Intervention de Laurent Saint-Martin

Réunion du mercredi 11 septembre 2019 à 9h30
Commission des finances, de l'économie générale et du contrôle budgétaire

Photo issue du site de l'Assemblée nationale ou de WikipediaLaurent Saint-Martin, rapporteur :

Je vous remercie pour votre intérêt et pour ces questions. Émilie Cariou a posé la question des suites à donner au printemps de l'évaluation. Il faut tout d'abord se féliciter de ce travail qui n'a que deux ans et qui a déjà un écho non négligeable, rendant presque usuel le fait que des ministres viennent rendre compte non seulement de ce qu'ils vont dépenser mais également de l'utilisation des crédits de l'année passée. Cet exercice pourrait être mené de façon plus normative et approfondie : au Royaume-Uni, l'exercice de revue des dépenses fonctionne très bien. On pourrait s'en inspirer. Aux Pays-Bas, tous les troisièmes mardis de mai se tient l'accountability day, au cours duquel le Gouvernement vient présenter une revue de dépense. En France, il manque peut-être un exercice plus formel de revue des dépenses. Il faut approfondir notre démarche tout en conserver la logique initiale qui est de tracer un chemin vers la loi de règlement. Cette dernière prend maintenant tout son sens : elle est toujours discutée rapidement avec peu d'amendements, ce qui est normal car il s'agit d'une loi d'approbation des comptes. Mais tout le débat qui a lieu durant les deux semaines préalables permet de voter la loi de règlement en connaissance de cause. Il faut poursuivre ce chemin. Nous nous sommes donné le moyen d'être plus exigeants avec le Gouvernement dans l'exécution de comptes. Le printemps de l'évaluation doit permettre de voter les autorisations en meilleure connaissance de cause. Bien faire notre travail devrait également consister à ne pas voter des crédits si leur exécution pour l'année précédente n'est pas satisfaisante à nos yeux.
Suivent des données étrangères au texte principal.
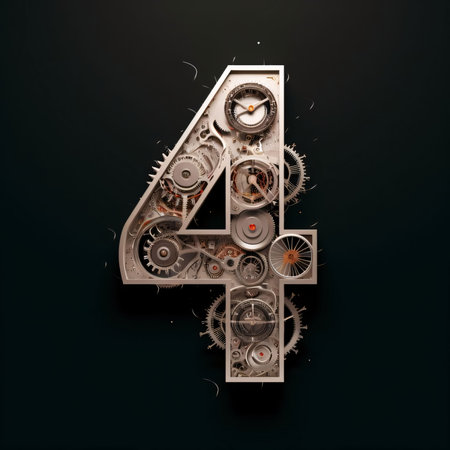 Graphic numbers: Mechanical alphabet made from gears and cogwheels. Letter 4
Émilie Cariou et Jean-Paul Mattéi ont parlé des taxes affectées. De façon quelque peu provocatrice, j'avais écrit, dans un article, qu'elles étaient pour moi la paresse budgétaire et intellectuelle mêmes, quoiqu'elles présentent un certain nombre d'avantages politiques. Elles sont faciles à mettre en place et, ensuite, il est facile d'expliquer qui elles financent. Malheureusement, elles sont devenues un véritable maquis dont on ne sait enrayer l'expansion et elles rendent impossible – Émilie Cariou l'a très bien dit – l'évaluation de politiques publiques dans leur globalité puisque une partie d'une politique publique peut être financée par une taxe affectée et l'autre par des crédits budgétaires. À moins de disposer d'un jaune budgétaire, il est maintenant presque impossible d'avoir une vision exhaustive d'une politique publique. Dès lors, comment l'évaluer correctement, en se fondant sur des informations complètes ?
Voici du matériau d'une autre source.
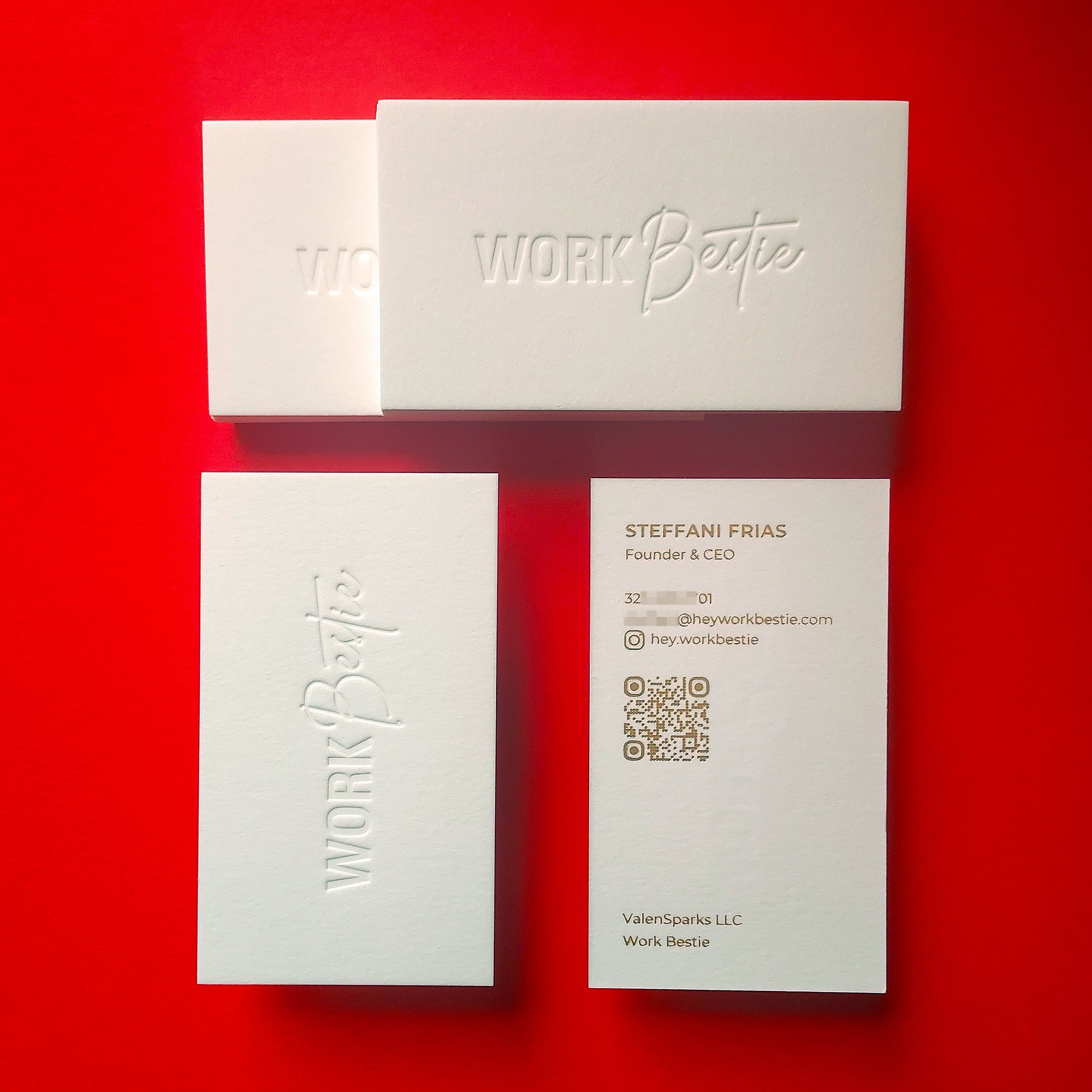 Thick professional card with subtle letterpress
Nous proposons une sorte de programmation pluriannuelle de la révision de chacune des taxes affectées, selon une méthode comparable à celle que nous avions adoptée l'an dernier à propos des taxes à faible rendement. En outre, pour enrayer la prolifération des taxes affectées, il faut rendre beaucoup plus difficile la création de telles taxes. Il faudrait aussi prévoir une budgétisation à effet différé de chacune des taxes affectées. Il ne s'agit pas de mettre un terme, du jour au lendemain, aux taxes affectées ; nous sommes bien conscients du fait qu'elles sont utiles. Simplement, toute addiction mérite cure de désintoxication. Cela requiert du temps et de la méthode. Il faut prendre le temps nécessaire pour déterminer comment budgétiser, s'assurer que le dispositif conserve la même efficacité tout en étant plus facile à piloter et à contrôler.
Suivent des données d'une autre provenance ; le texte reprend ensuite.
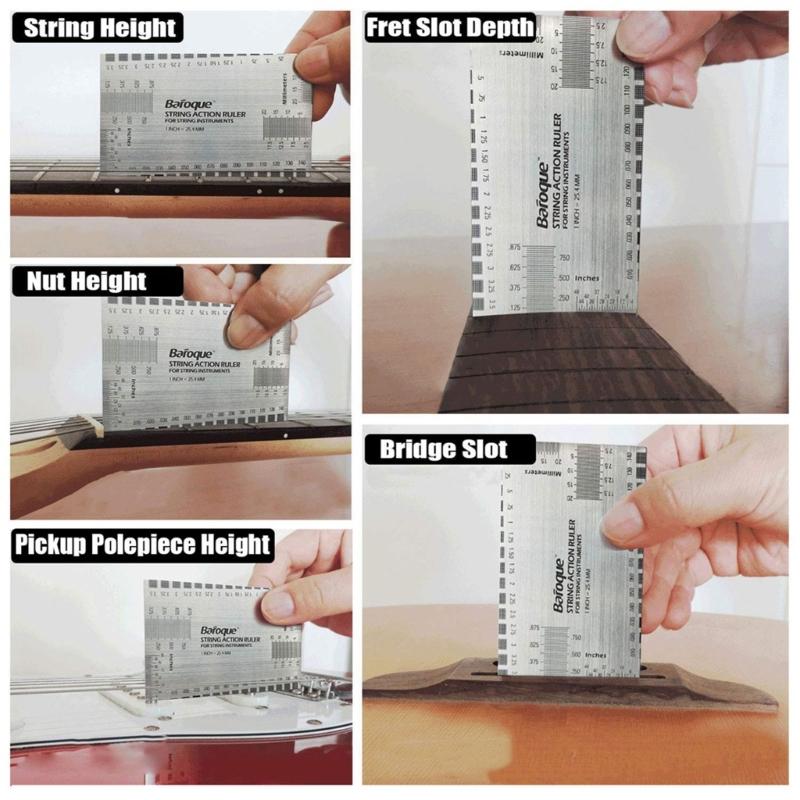 Guitar String Action Ruler Gauge Tool Stainless Steel Height Gauge Set Up Tool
La question des évaluations préalables, dont nous parlons depuis deux ans, est extrêmement importante. Il faut en renforcer la qualité. De ce point de vue, tout ce que nous avons dit sur le contrôle ex post et la nécessité de relations plus fluides et plus vivantes entre les administrations, le Parlement et le Gouvernement vaut aussi ex ante. C'est cela qui fait défaut. Les études d'impact ne font jamais l'objet d'aucun examen contradictoire, d'aucun échange critique – Christine Pires Beaune évoquait par exemple le cas de la taxe carbone. Il faudrait pouvoir exercer une sorte de droit de réponse aux études d'impact avant l'examen d'un texte : interroger ceux qui les ont réalisées, s'assurer qu'ils ont pris en compte tous les paramètres. Pour l'heure, nous le savons, les études d'impact sont de qualité très inégale. Le parlementaire a vocation à davantage prendre la main ex ante.

Madame Louwagie, les délais de réponse aux questionnaires budgétaires sont trop longs, vous avez raison, mais je propose un nouveau contrat de confiance entre l'exécutif et le Parlement. Il faut proposer à l'exécutif et, surtout, aux administrations un nouveau mode fonctionnement, moins lourd, notamment durant l'été, pour qu'un lien de confiance s'instaure entre directeurs d'administrations centrales et rapporteurs spéciaux – même si cela se passe parfois déjà très bien. Voyez les questionnaires actuels : d'une année à l'autre, les questions se ressemblent et il faut beaucoup de temps à l'administration pour y répondre. On pourrait souvent demander une simple actualisation et aborder tout de suite les sujets qui seront traités par les rapports spéciaux.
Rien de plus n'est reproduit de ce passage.